6. Amend newly redesignated § 8.1 by revising paragraph (a) introductory text and paragraph (b), and adding paragraph (c) to read as follows:

§ 8.1

(a) Any person providing broadband internet access service shall publicly disclose accurate information regarding the network management practices, performance characteristics, and commercial terms of its broadband internet access services sufficient to enable consumers to make informed choices regarding the purchase and use of such services and entrepreneurs and other small businesses to develop, market, and maintain internet offerings. Such disclosure shall be made via a publicly available, easily accessible website or through transmittal to the Commission.

(b) Broadband internet access service is a mass-market retail service by wire or radio that provides the capability to transmit data to and receive data from all or substantially all internet endpoints, including any capabilities that are incidental to and enable the operation of the communications service, but excluding dial-up internet access service. This term also encompasses any service that the Commission finds to be providing a functional equivalent of the service described in the previous sentence or that is used to evade the protections set forth in this part. For purposes of paragraphs (a)(1) through (6) of this section, “mass-market” services exclude service offerings customized for the customer through individually negotiated agreements even when the services are supported by federal universal service support.

(c) A network management practice is reasonable if it is appropriate and tailored to achieving a legitimate network management purpose, taking into account the particular network architecture and technology of the broadband internet access service.

§§ 8.3 and 8.6

**47 CFR Part 8**

7. Remove §§ 8.3 and 8.6.

**PART 20—COMMERCIAL MOBILE SERVICES**

**47 CFR Part 20**

8. The authority citation for part 20 is revised to read as follows:

**Authority:**

47 U.S.C. 151, 152(a), 154(i), 155, 157, 160, 201, 214, 222, 251(e), 301, 302a, 303, 303(b), 303(r), 307, 307(a), 309, 309(j)(3), 316, 316(a), 332, 610, 615, 615a, 615b, and 615c, unless otherwise noted.

**47 CFR Part 20**

9. Amend § 20.3 by:

a.

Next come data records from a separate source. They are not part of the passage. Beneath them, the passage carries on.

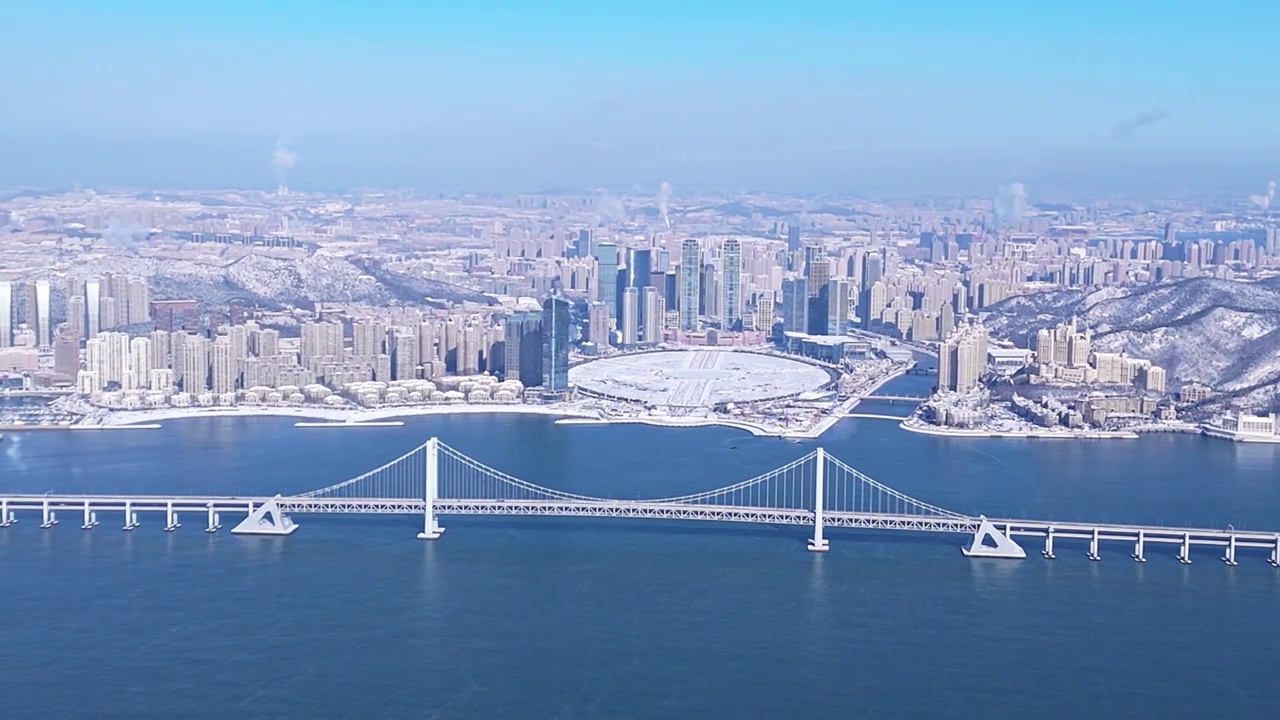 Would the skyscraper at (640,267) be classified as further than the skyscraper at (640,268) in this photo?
Yes

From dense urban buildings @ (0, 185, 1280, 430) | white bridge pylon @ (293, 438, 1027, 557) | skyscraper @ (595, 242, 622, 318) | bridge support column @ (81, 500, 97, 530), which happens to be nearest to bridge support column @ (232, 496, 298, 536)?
white bridge pylon @ (293, 438, 1027, 557)

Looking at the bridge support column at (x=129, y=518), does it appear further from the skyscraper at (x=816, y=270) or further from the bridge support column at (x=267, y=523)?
the skyscraper at (x=816, y=270)

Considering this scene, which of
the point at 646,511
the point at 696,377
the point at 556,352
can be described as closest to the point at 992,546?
the point at 646,511

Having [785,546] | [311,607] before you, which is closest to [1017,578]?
[785,546]

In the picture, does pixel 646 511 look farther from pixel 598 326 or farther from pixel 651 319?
pixel 651 319

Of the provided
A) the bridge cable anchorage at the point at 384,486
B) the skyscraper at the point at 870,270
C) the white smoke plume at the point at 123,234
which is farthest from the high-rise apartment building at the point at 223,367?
the skyscraper at the point at 870,270

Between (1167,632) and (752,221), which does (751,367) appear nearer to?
(1167,632)

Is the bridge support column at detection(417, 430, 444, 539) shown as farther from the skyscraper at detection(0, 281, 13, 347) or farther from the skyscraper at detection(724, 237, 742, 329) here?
the skyscraper at detection(724, 237, 742, 329) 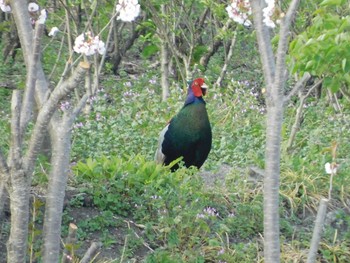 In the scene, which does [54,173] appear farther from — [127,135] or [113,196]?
[127,135]

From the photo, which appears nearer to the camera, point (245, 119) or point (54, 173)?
point (54, 173)

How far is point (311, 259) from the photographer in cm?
297

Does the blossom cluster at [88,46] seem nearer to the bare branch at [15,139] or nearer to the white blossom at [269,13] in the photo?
the bare branch at [15,139]

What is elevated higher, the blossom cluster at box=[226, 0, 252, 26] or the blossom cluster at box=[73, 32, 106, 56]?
the blossom cluster at box=[226, 0, 252, 26]

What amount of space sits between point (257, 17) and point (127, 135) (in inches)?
188

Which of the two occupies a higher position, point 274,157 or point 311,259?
point 274,157

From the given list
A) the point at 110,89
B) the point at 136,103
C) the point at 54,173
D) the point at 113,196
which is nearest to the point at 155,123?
the point at 136,103

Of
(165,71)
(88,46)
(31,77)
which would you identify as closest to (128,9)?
(88,46)

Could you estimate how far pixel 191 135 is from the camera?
7270mm

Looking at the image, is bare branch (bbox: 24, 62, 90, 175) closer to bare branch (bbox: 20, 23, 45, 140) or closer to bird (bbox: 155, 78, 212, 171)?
bare branch (bbox: 20, 23, 45, 140)

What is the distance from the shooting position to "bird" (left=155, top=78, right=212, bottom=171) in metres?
7.24

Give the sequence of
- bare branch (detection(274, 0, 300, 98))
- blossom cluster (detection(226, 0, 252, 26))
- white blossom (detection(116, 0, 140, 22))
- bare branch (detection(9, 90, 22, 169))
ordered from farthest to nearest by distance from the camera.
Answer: blossom cluster (detection(226, 0, 252, 26)) < white blossom (detection(116, 0, 140, 22)) < bare branch (detection(9, 90, 22, 169)) < bare branch (detection(274, 0, 300, 98))

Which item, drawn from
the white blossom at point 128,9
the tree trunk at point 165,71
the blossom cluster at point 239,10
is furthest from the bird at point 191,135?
the white blossom at point 128,9

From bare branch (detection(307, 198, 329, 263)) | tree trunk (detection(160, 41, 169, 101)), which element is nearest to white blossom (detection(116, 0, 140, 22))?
bare branch (detection(307, 198, 329, 263)) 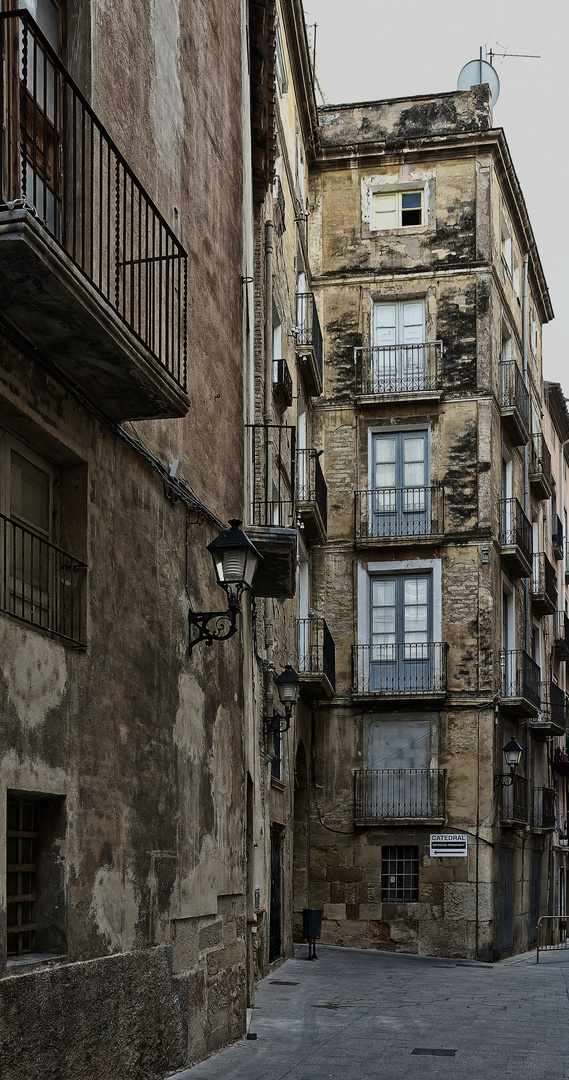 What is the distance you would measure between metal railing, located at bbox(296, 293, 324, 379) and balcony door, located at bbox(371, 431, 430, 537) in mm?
2973

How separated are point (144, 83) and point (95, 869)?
5.31 metres

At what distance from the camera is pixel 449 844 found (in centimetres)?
2453

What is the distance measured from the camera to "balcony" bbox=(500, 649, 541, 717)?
2583 centimetres

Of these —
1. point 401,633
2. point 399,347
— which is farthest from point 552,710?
point 399,347

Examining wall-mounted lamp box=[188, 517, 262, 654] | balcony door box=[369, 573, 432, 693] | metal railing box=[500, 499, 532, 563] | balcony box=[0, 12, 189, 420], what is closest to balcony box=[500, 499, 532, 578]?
metal railing box=[500, 499, 532, 563]

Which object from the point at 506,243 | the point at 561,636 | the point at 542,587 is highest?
the point at 506,243

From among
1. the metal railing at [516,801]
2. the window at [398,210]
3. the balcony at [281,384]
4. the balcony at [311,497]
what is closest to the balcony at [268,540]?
the balcony at [281,384]

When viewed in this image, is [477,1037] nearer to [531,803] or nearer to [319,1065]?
[319,1065]

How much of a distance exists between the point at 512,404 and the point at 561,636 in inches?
496

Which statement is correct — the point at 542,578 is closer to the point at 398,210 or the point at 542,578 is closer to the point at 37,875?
the point at 398,210

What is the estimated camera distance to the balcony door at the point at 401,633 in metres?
25.7

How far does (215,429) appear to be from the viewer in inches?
448

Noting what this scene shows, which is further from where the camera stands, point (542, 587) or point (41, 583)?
point (542, 587)

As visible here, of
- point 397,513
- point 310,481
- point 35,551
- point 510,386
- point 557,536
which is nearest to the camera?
point 35,551
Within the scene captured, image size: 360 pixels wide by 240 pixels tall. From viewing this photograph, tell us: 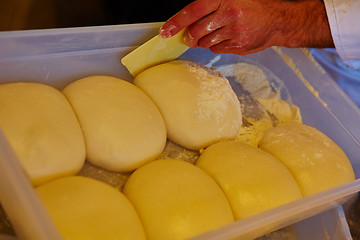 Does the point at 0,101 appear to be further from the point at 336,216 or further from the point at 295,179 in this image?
the point at 336,216

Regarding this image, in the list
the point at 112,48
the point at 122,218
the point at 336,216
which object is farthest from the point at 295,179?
the point at 112,48

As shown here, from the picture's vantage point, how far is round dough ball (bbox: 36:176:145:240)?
2.43 ft

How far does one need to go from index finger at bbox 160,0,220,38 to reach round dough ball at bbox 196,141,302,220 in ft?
1.39

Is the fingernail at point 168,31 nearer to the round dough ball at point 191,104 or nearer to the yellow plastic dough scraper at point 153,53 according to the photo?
the yellow plastic dough scraper at point 153,53

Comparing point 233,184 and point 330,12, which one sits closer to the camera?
point 233,184

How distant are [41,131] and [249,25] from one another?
0.80 m

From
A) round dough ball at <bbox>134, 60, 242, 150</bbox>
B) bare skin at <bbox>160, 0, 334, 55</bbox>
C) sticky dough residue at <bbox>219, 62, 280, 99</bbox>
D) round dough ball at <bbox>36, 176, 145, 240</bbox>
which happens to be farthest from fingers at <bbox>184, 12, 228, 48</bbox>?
round dough ball at <bbox>36, 176, 145, 240</bbox>

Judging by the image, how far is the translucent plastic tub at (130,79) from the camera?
27.3 inches

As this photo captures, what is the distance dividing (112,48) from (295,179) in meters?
0.81

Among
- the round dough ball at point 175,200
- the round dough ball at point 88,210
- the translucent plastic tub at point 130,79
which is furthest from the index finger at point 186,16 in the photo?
the round dough ball at point 88,210

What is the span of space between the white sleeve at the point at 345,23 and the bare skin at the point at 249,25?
0.14ft

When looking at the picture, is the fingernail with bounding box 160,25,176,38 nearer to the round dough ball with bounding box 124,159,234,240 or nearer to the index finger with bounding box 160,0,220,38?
the index finger with bounding box 160,0,220,38

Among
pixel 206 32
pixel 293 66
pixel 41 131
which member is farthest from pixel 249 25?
pixel 41 131

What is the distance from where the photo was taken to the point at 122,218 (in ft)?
2.67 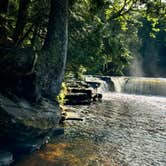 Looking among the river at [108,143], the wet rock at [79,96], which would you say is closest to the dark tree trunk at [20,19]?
the river at [108,143]

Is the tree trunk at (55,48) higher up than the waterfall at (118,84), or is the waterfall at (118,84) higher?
the tree trunk at (55,48)

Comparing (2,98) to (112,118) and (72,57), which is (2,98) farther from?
(112,118)

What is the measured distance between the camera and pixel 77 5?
681 inches

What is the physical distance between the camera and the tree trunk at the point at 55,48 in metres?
13.6

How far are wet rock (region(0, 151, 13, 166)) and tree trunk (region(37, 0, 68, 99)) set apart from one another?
346cm

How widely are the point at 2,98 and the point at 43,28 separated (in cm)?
644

In the definition of “ *Commercial mobile radio service”,* revising paragraph (2);

b. In the definition of *“Interconnected service”,* revising paragraph (1); and

c. Revising the definition of “ *Public switched network”.*

The revisions to read as follows:

§ 20.3

*Commercial mobile radio service.* * * *

(2) The functional equivalent of such a mobile service described in paragraph (1) of this definition.

*Interconnected service.* * * *

(1) That is interconnected with the public switched network, or interconnected with the public switched network through an interconnected service provider, that gives subscribers the capability to communicate to or receive communication from all other users on the public switched network; or

*Public switched network.* Any common carrier switched network, whether by wire or radio, including local exchange carriers, interexchange carriers, and mobile service providers, that uses the North American Numbering Plan in connection with the provision of switched services.

**PART 51—INTERCONNECTION**

**47 CFR Part 51**

10. The authority citation for part 51 continues to read as follows:

**Authority:**

47 U.S.C. 151-55, 201-05, 207-09, 218, 225-27, 251-52, 271, 332 unless otherwise noted.

§§ 51.303, 51.405, 51.513, and 51.611

**47 CFR Part 51**

11. Remove and reserve §§ 51.303, 51.405, 51.513, and 51.611.